In this case, the record supports the trial court's factual findings.[18] The search of the basement of the house revealed 316 mature marijuana plants, 180 starter plants, 473 grams of cut marijuana, four halide lights, six power transformers, five electrical timers, an irrigation hose sprayer, a temperature gauge, plastic baggies, a triple beam scale, a charcoal filtered blower, and a fan. This supports the trial court's factual findings regarding the amount of marijuana found and the high degree of sophistication in terms of time, effort and financial investment. A police narcotics specialist's testimony regarding the value of the drugs found in the defendant's basement supports the trial court's finding that the market value of the plants was between $15,000 and $400,000, although the testimony could have supported a finding that *706 the 496 plants had an even a higher total value. There also was evidence that Solberg told one of the officers that he grew the plants to sell them to pay his bills and that he had been growing the marijuana for money for approximately 1 1/2 years and that he did not use it himself. This evidence supports the finding that the defendant was involved in the retail or wholesale sales of the drug to supplement his income. We conclude that the trial court's reasons for imposing an exceptional sentence are supported by the record and are by no means "clearly erroneous".
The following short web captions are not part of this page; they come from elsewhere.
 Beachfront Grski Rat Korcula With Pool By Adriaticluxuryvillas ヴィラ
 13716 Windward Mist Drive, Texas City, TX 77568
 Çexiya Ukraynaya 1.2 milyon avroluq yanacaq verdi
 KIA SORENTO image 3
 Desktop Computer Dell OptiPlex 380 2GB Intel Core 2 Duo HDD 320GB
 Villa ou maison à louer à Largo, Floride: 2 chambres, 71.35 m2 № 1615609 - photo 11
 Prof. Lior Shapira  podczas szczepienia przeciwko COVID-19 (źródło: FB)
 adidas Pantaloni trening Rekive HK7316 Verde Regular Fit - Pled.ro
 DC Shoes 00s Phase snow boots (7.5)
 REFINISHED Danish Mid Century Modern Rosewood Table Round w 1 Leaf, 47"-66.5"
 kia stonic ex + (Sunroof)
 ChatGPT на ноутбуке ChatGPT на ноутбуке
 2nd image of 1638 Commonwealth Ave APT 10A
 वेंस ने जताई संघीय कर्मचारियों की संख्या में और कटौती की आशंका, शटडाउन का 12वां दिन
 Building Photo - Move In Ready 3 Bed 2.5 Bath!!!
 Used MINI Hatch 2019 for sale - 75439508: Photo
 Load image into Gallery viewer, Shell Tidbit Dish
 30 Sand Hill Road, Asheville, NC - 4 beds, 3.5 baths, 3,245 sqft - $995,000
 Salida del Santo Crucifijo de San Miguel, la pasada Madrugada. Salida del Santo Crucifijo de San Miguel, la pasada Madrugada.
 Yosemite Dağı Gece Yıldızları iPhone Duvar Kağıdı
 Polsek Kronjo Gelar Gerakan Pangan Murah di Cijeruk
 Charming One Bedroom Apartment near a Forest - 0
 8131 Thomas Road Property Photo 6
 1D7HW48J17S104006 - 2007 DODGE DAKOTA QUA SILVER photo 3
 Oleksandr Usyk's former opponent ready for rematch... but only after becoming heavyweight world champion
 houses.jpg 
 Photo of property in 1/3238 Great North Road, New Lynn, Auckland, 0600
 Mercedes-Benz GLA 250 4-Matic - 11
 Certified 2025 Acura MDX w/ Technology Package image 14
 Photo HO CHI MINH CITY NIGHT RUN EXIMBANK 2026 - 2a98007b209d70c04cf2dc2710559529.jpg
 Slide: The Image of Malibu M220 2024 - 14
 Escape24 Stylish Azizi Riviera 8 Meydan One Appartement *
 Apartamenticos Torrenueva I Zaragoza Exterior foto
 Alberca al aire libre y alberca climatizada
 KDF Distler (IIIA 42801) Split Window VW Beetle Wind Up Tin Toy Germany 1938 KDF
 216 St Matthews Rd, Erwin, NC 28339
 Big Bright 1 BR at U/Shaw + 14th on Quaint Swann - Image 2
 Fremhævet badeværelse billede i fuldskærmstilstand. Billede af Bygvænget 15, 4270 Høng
The next inquiry then is whether the reasons, as a matter of law, justify a sentence outside the standard range. The Court of Appeals decision assumes that the trial court based its decision to impose an exceptional sentence only on RCW 9.94A.390(2)(d)(v) which involves drug violations that have a high degree of sophistication.[19] However, the trial court's written legal conclusion was also based upon RCW 9.94A.390(2)(d)(iii) which provides that it is a major violation of the Uniform Controlled Substances Act when "[t]he current offense involved the manufacture of controlled substances for use by other parties". The statute indicates that "ANY" of the circumstances in the list of aggravating circumstances may "identify" an offense as a major violation of the Uniform Controlled Substances Act which may justify the imposition of a sentence beyond the standard range.[20]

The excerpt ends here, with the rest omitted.